PROBLEM DESCRIPTION
Begin at the line that holds "Top view of" and retype every line through the end of the material, both included. Leave out the pictures.

DATA EXCERPT

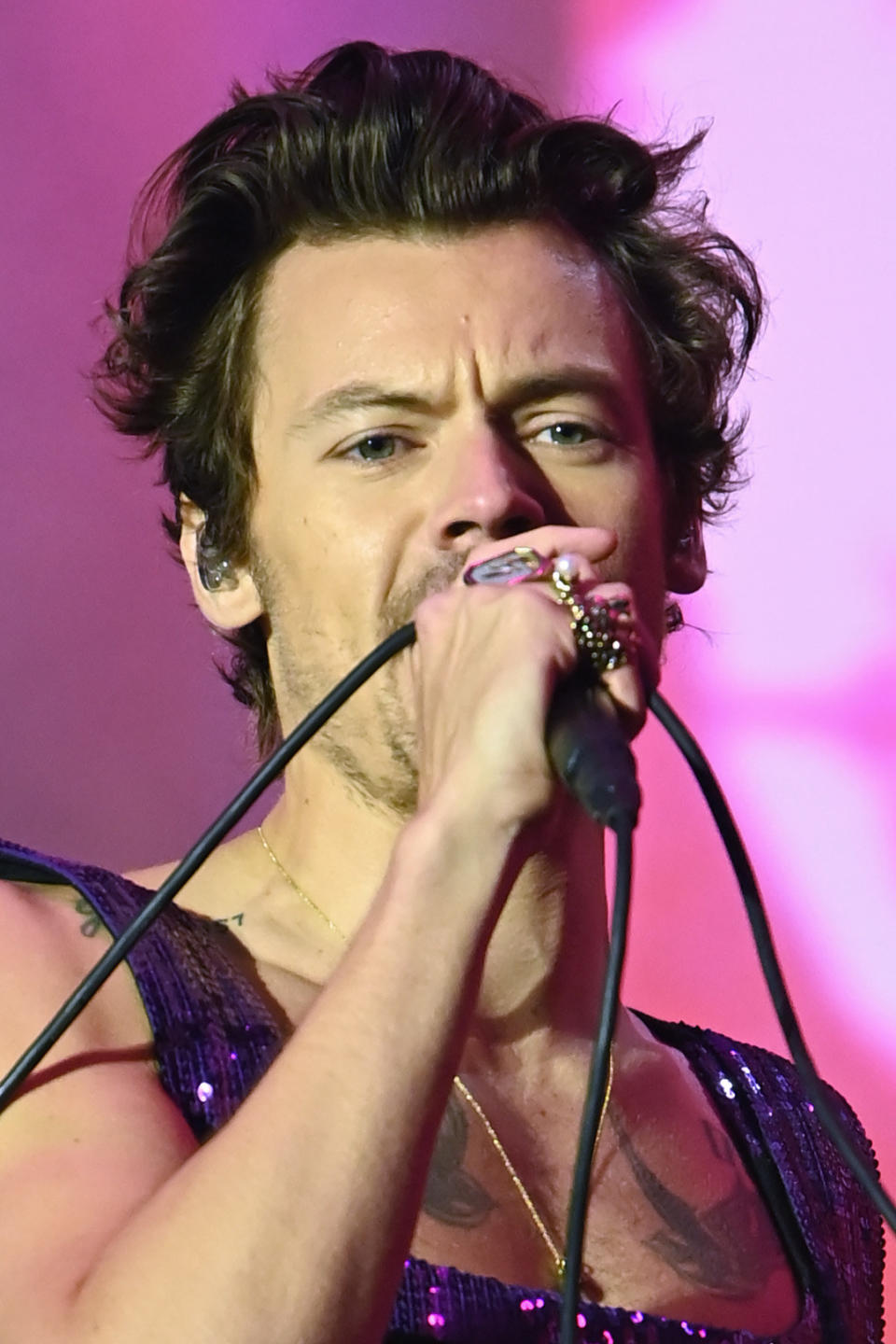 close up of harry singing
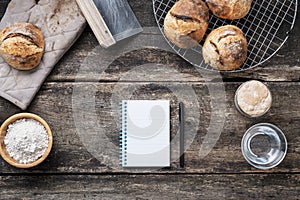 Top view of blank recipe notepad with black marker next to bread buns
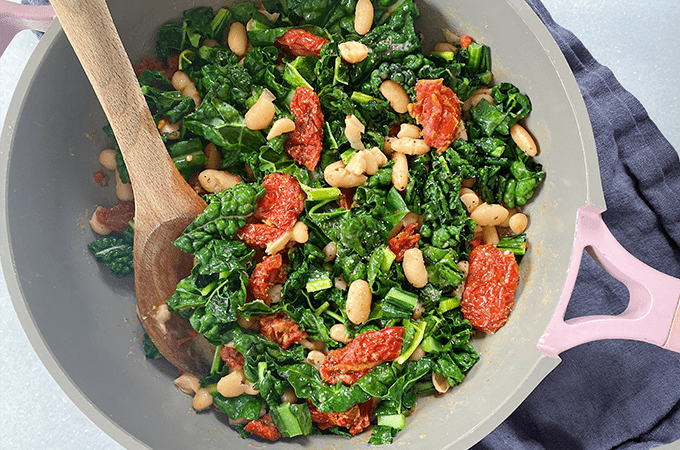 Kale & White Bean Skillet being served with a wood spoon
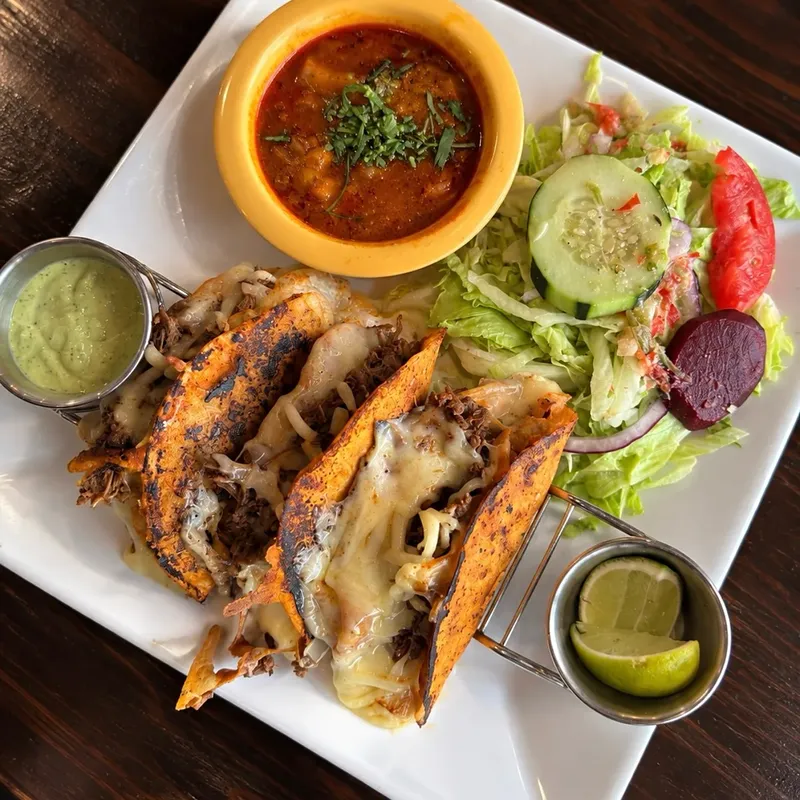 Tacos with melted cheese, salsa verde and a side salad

SOLUTION TO THIS PROBLEM
 Top view of blank recipe notepad with black marker next to bread buns
 Kale & White Bean Skillet being served with a wood spoon
 Tacos with melted cheese, salsa verde and a side salad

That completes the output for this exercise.